By saving more money, you can have some extra money available during emergencies or when you want to make an expensive purchase, like a house or car. You can also use the funds to invest in your professional career. So, while there are some obvious potential gains, there are also some underlying gains and potential losses of choosing one alternative over the other. Suppose you select the option of saving half of your money, the opportunity cost as calculated by the formula is ₹6,00,000. In this example, ₹6,00,000 is the opportunity cost of choosing the second option.

## When to use opportunity cost calculations

You can use opportunity cost calculations whenever you are making a choice between two or more alternatives. It helps you identify the most viable decision and also encourages you to look at critical variables. For example, while evaluating two job offers based on salary, the opportunity cost may encourage you to consider factors beyond money to justify whether choosing a job with a higher salary is the most profitable decision.

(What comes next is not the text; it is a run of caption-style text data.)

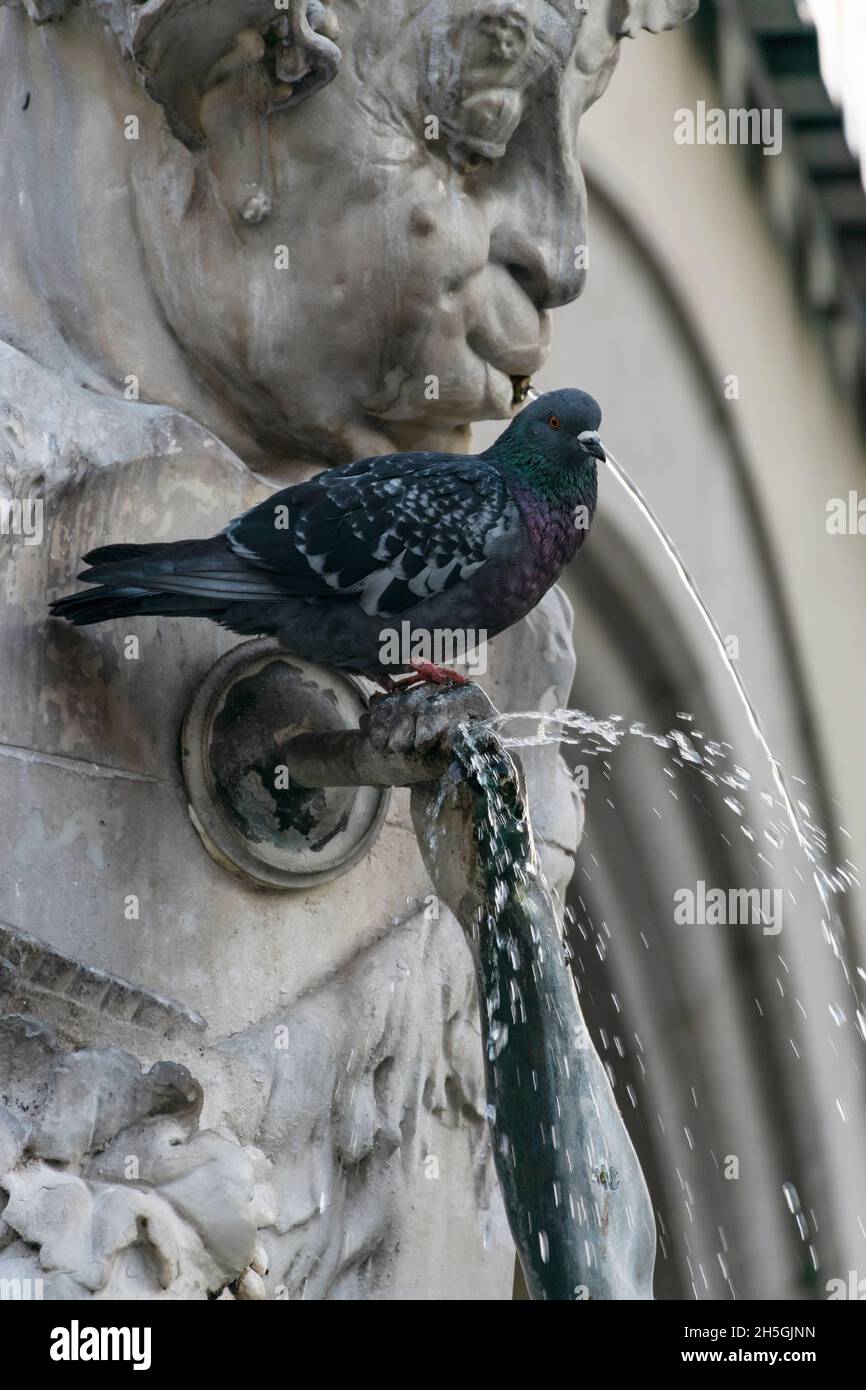 22. Mai 2019 München, Deutschland - Taubenwasser aus dem Brunnen am Marienplatz, Handelszentrum von München. Skulpturendetails Stockfoto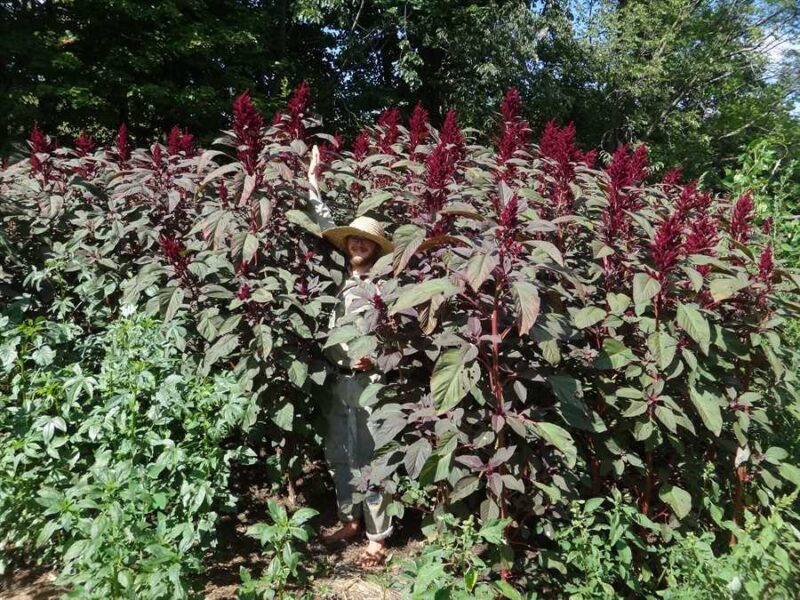 Opopeo amaranth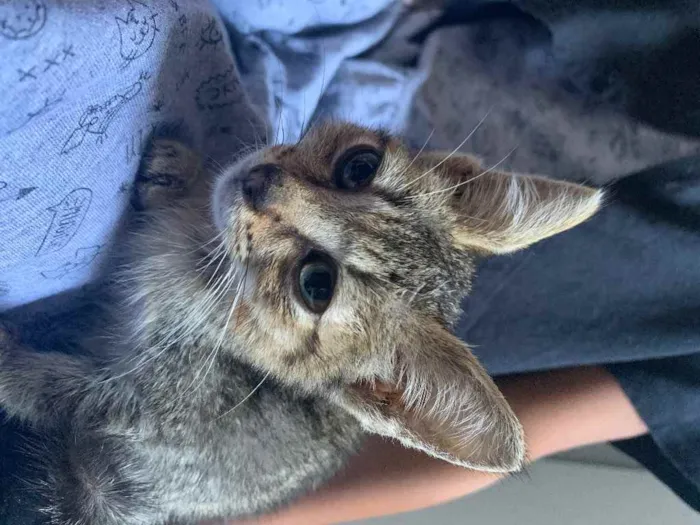 Gato ra a vira lata  idade Abaixo de 2 meses nome Não tem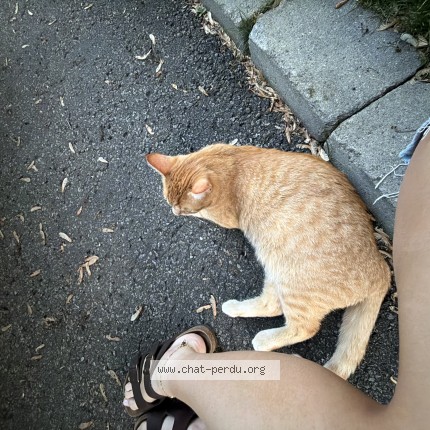 Photo 1/1 Jules Cat lost in Charlesbourg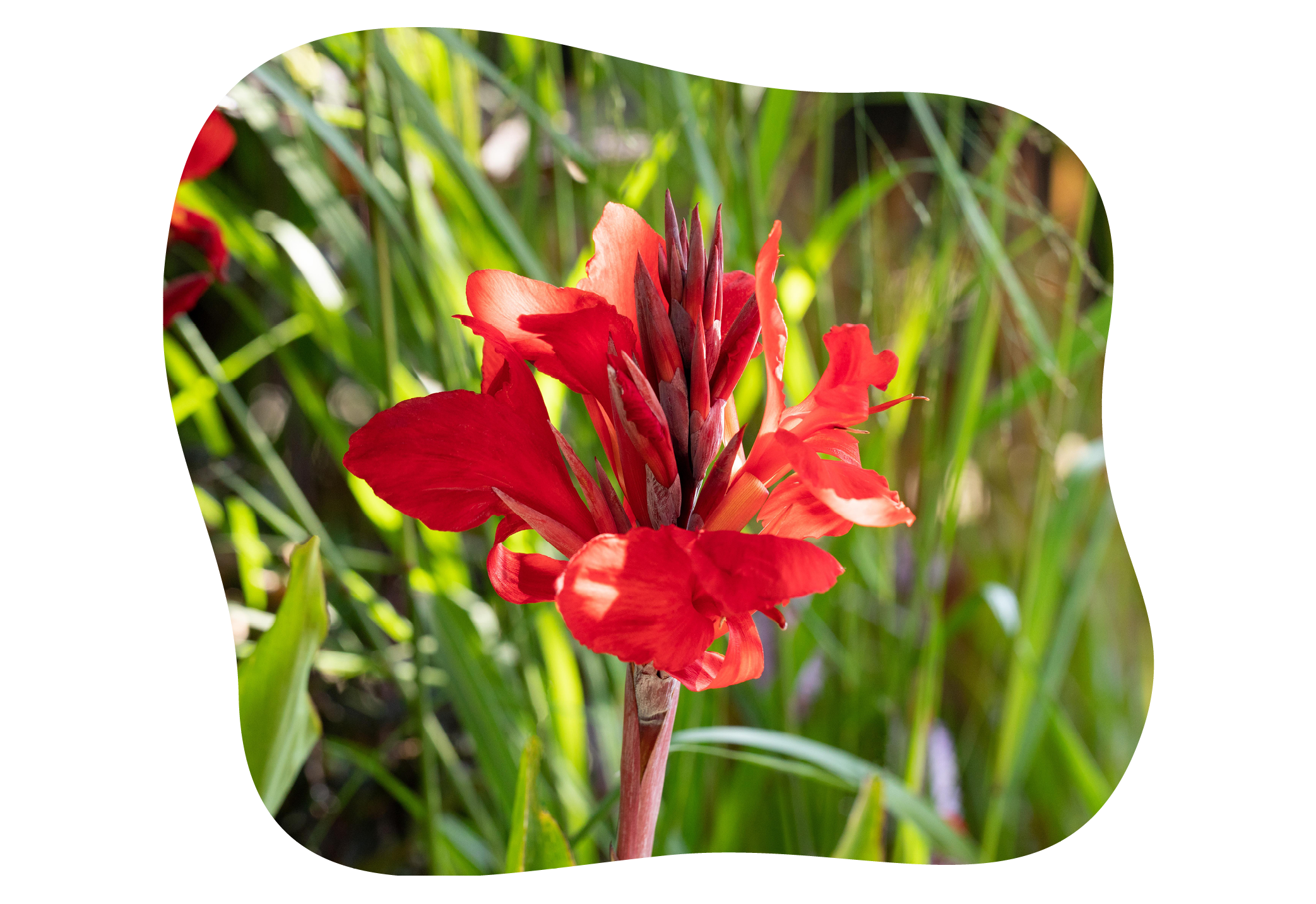canna_in_kiefls_welt_gartencenter_kiefl_in_gauting_bei_muenchen.png
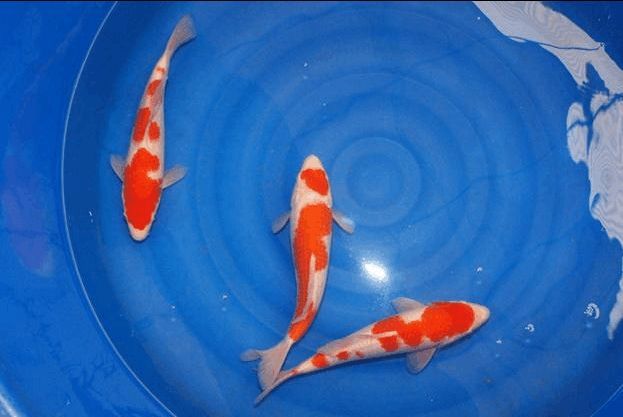 錦鯉黃龍魚:錦鯉黃龍魚怎么養(yǎng)? 龍魚百科 第3張 錦鯉黃龍魚:錦鯉黃龍魚怎么養(yǎng)? 錦鯉黃龍魚:錦鯉黃龍魚怎么養(yǎng)? 龍魚百科 第3張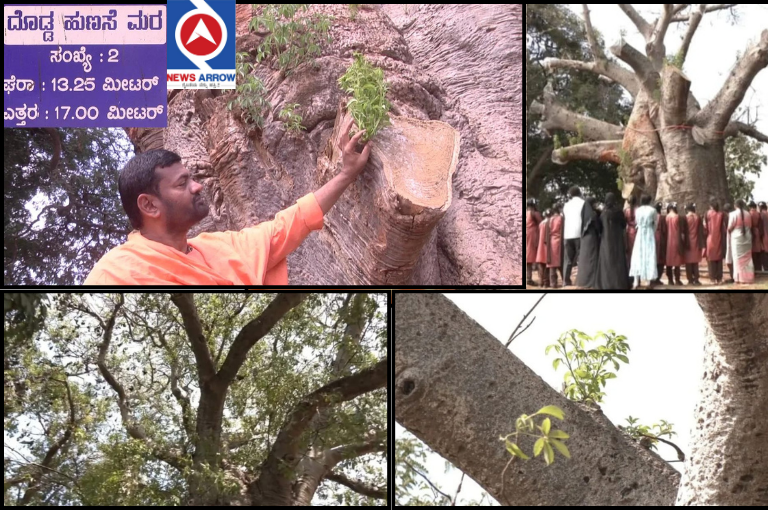 A 2000 year old tamarind tree is coming back to life...!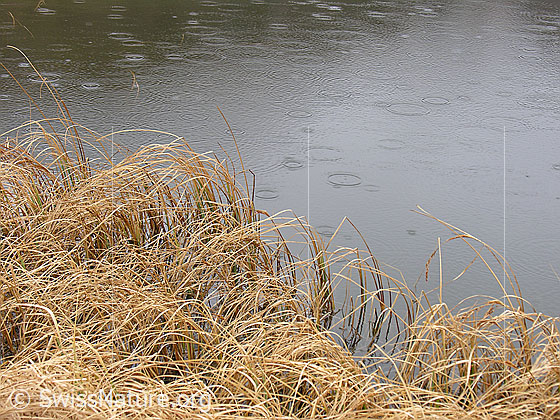 Foto: Herbstlich gefärbtes Gras am Ufer des Halsesees bei trübem Wetter und Regen.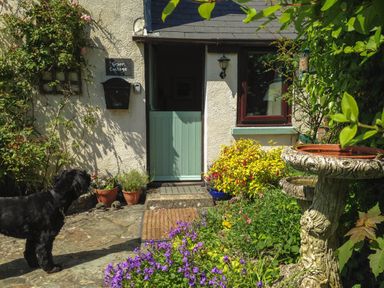 A garden area with purple flowers a dog and a light blue half door at Groom Cottage in Poughill near Bude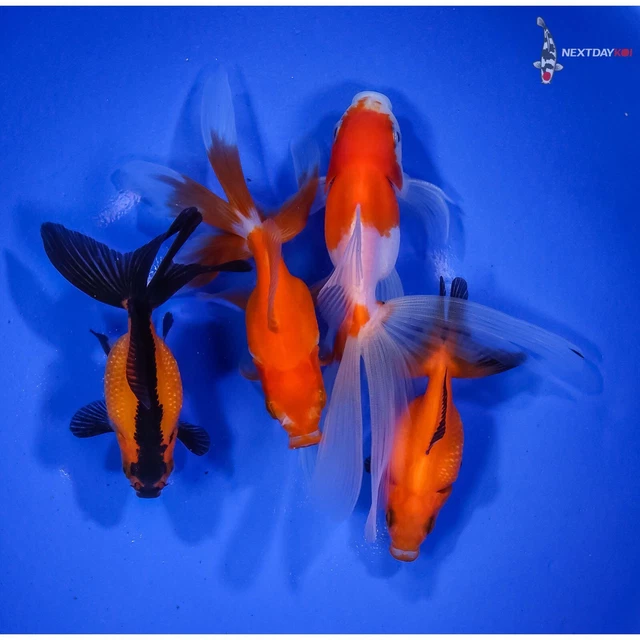 Lot of (4) 2.5 to 4.5" HANDPICKED GOLDFISH Imported live goldfish for pond NDK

## Drawbacks of opportunity cost calculation

Though opportunity cost can be a great tool that helps in decision making, it may have some drawbacks that prevent it from being useful in every situation. Opportunity cost calculations are most common when analysing future situations, but sometimes, there may not be enough time to evaluate the choices using the formula. For example, you may not be able to use the formula immediately while choosing between two brands of cereal at a departmental store.

Opportunity cost calculations use assumptions about the future, and the actual situations may vary. In cases with a high level of variability, this formula may be ineffective. While calculating the opportunity cost of any decision, there may be several other factors that influence your decision, such as time, energy spent, state of mind and health. It may be challenging to quantify such variables and include them accurately in the formula, as the opportunity cost formula only includes the return on the forsaken option and the return on the chosen option.